These days a music director can't get away by just providing melody alone. Or for that matter, his offerings should not be rhythm-based alone. The music director has to strike a balance.

Bharadwaj has done just that in Ayya. He has come with six appealing numbers, and as an icing on the cake has Bharadwaj seemed to slip up in Attagasam. But he seems to have retrieved his lost ground here.

1. Oru Vartha (KK/Sadhana Sargam)

Bharadwaj starts with his usual penchant for melody. Sadhana Sargam and KK are fine bets for that. Both have dulcet voices and combined with some nifty orchestration, the song registers in your heart straightaway.

2. Athiri Pathiri (Janani Bharadwaj)

This is a hip-hop number Pathiri sung by Janani Bharadwaj (daughter of Bharadwaj). With a mixture of western tunes and rural beats, Athiri Pathiri is an experimental song. Though Janani is inexperienced, she comes across as somebody who can be nurtured for the long race. The song itself, with its alluring mix, can become popular among the masses.

3. Ayyaathorai (Bharadwaj/Balram/Raghavendhar)

This is a typical number glorifying the hero. Accompanied by many percussion instruments, this is a loud and larger-than-life song. The choice of singers also gives you a clue about the essential nature of it all. The orchestration is certainly heavy-handed.

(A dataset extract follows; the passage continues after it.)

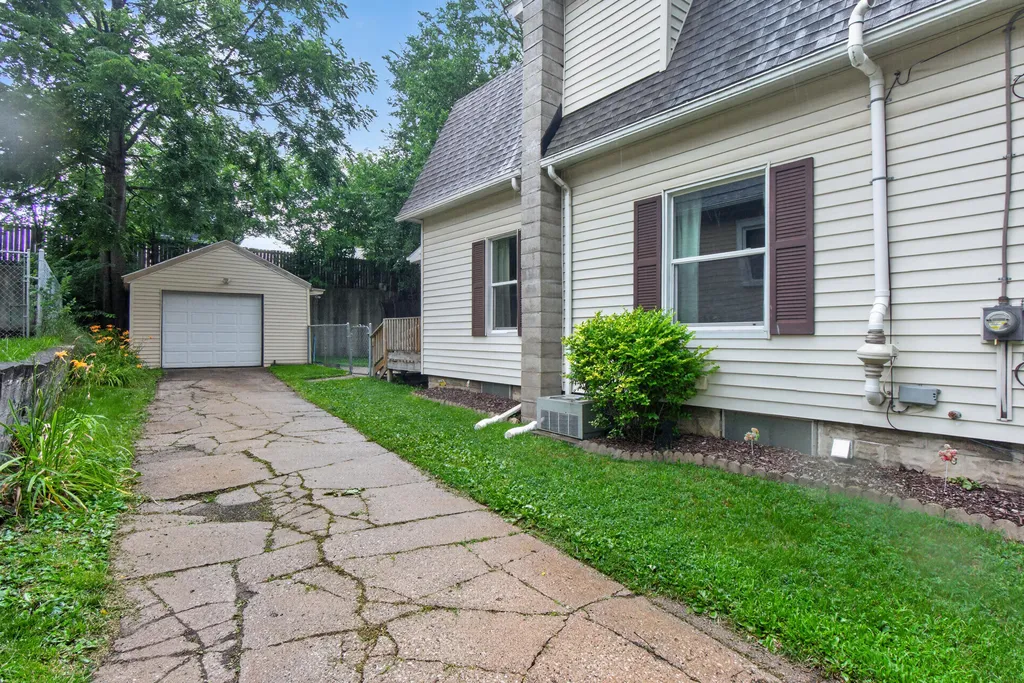 916 Lincoln Street Jackson City MI 49202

4. Suthipoda Venama (Thipu, Madhumitha)

Thippu is a belter. He doesn't hold back on anything. He just gives a wallop. He now seems to specialize in rural numbers. Madhumitha is an apt foil for him. The song has the romantic feel all through. The incorporation of Nadaswaram and Thavil is indeed skilful. The instrumentation is of the highest order.

5. Ayyathorai (Bharadwaj)

It's a sad and a slow number perhaps sung when the hero is in distress. This small brief song has no accompaniment of any orchestra or instruments.Perhaps, it is fit for the screens and the theme of the movie.

6. Thamiraparani Rani ( KK/Shreya Ghosal)
It's perhaps the pick of the album for it is racy as well as melodious. Bahardwaj is one music director who seamlessly includes classical tunes in his numbers. He does that here too with ease and conviction. Shreya Ghosal's honey voice adds value to the number. The orchestration is rich and varied. The choice of instruments is sensational.

Bharadwaj has quite simply delivered. Period.